## Task instructions:
I'd like every entry returned exactly as it is, with the images left out.

--- START ---

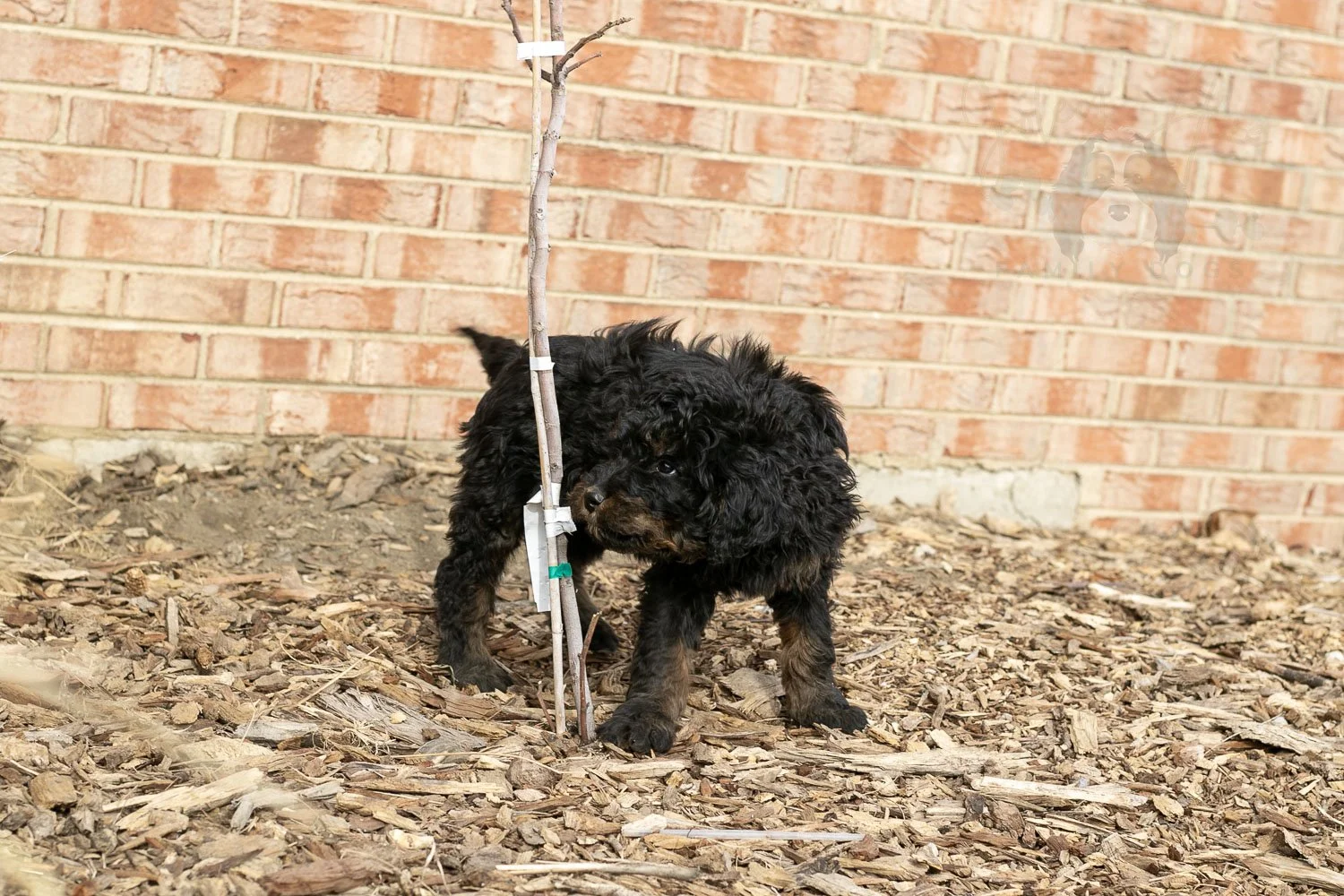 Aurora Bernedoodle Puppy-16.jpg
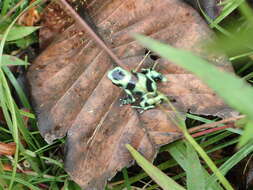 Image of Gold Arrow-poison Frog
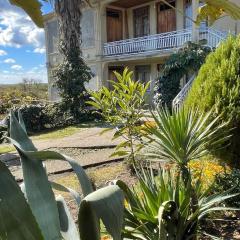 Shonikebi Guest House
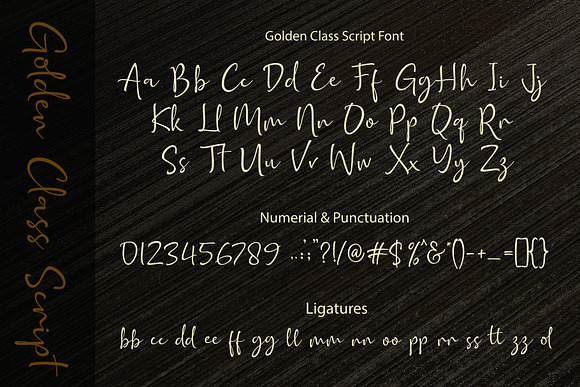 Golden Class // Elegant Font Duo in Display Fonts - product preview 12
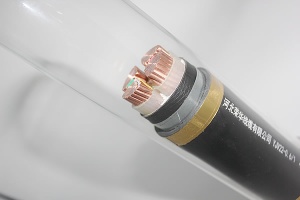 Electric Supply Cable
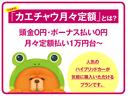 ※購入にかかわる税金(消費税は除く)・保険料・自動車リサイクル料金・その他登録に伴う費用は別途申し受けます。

--- END ---

## Task solution:
 Aurora Bernedoodle Puppy-16.jpg
 Image of Gold Arrow-poison Frog
 Shonikebi Guest House
 Golden Class // Elegant Font Duo in Display Fonts - product preview 12
 Electric Supply Cable
 ※購入にかかわる税金(消費税は除く)・保険料・自動車リサイクル料金・その他登録に伴う費用は別途申し受けます。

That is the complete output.